Alright! Let's jump right in here. I'll start with my favorite section:
Don't stop standing beside me
I am your knight, and I believe
That I must see you to true glee.
I like this moment because, paired with the last line, this is a rather new take on love in poetry. It's not "oh my god, please love me, please please love me", which you can see many examples of, but it's "love is dangerous, and I will make sure you're safe as we go along. I like it!
I like it, but this quote is also an example of what I think needs work in this poem, or at least you need to be aware of for any future poems you write: the rhyme.
When you force rhyme, the reader knows. If you were not inhibited by or thinking in rhyme, you would not of used the words "true glee". Usually the word that's paired with true is either true love or true happiness, and sure you can argue that glee means happiness, but the point is it's not what we would naturally say.
When you force rhyme, it throws off the credibility of your entire poem. We think, "Well, this poet is letting rhyme control them, so are they strong enough to craft a poem deliberately?" You can't let the rhyme control you -- you can never let it convince you into writing a word that is "good enough" to fit there, a "close enough" translation of the word you really want.

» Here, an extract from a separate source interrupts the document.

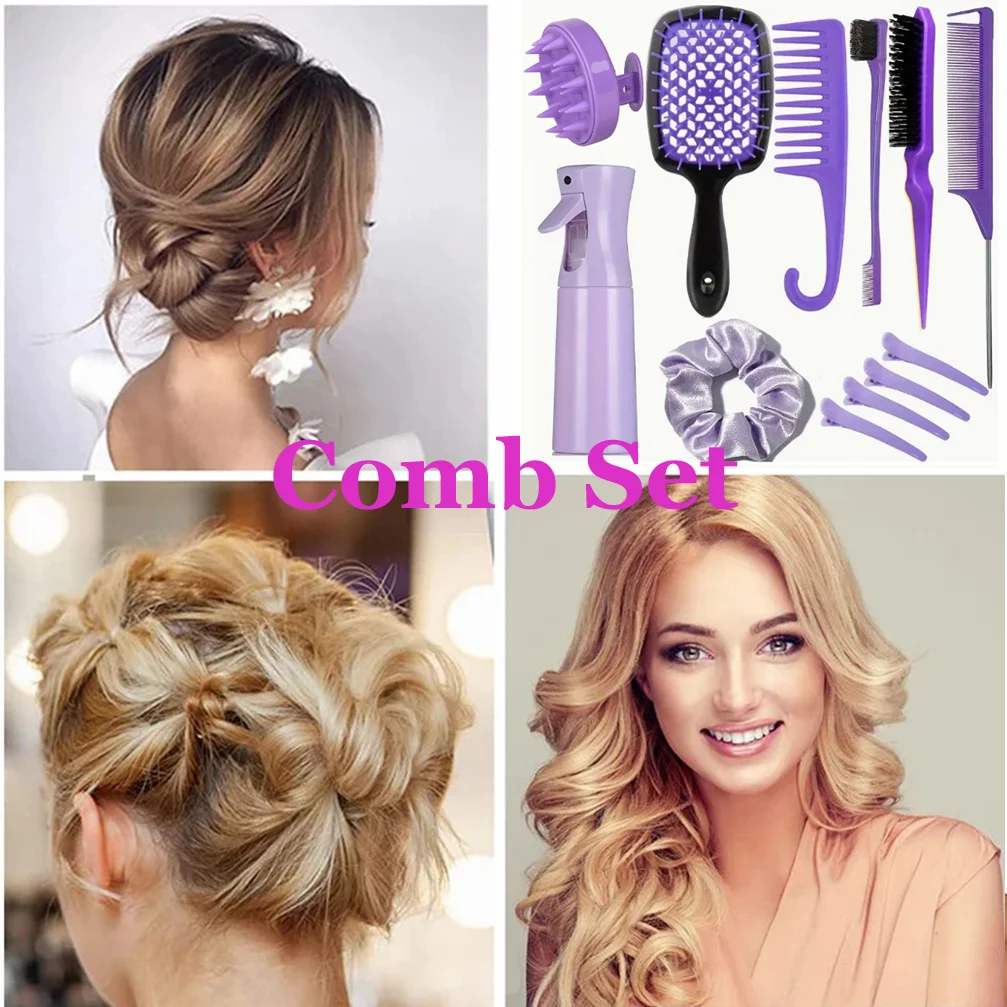 12 unid/set peine para el cabello para mujer, kit de herramientas de peinado, accesorios de peinado, botella pulverizadora para el cabello, cepillo para el cabello con borde Brsuh, cabello rizado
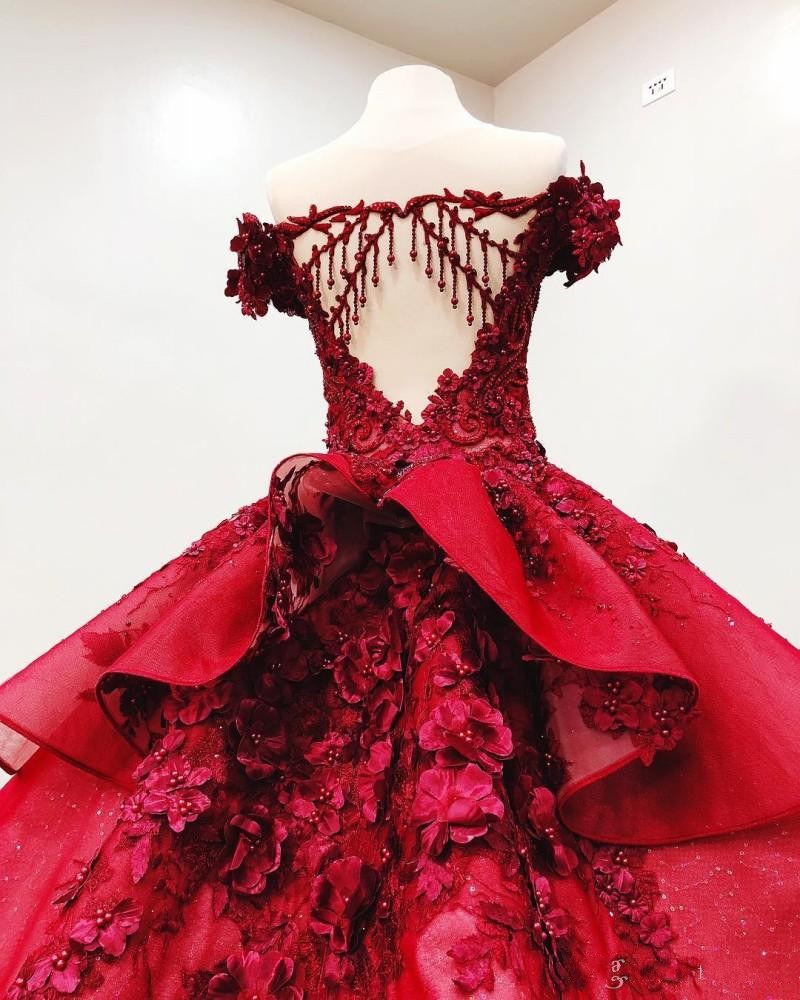 Offtheshoulder Dark Red Quinceanera Dresses Sweet 16 Ball Gowns With 3d Floral Appliques Formal Bridal Pageant Dress - 3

That's one reason writing rhyming poetry is so hard: you have to find just the right word that REALLY fits there, that needs no shoving into the hole or slimming down.
Do you need rhyme in this poem? What would happen if you wrote to this person without it? I dare you to try, and guarantee I'll be there to review the edited version if you write it!
I hope this review was helpful, in any case. Stick to new ideas and stick to the words YOU want to write! Good luck, keep writing, and let me know if you have any questions or comments, please.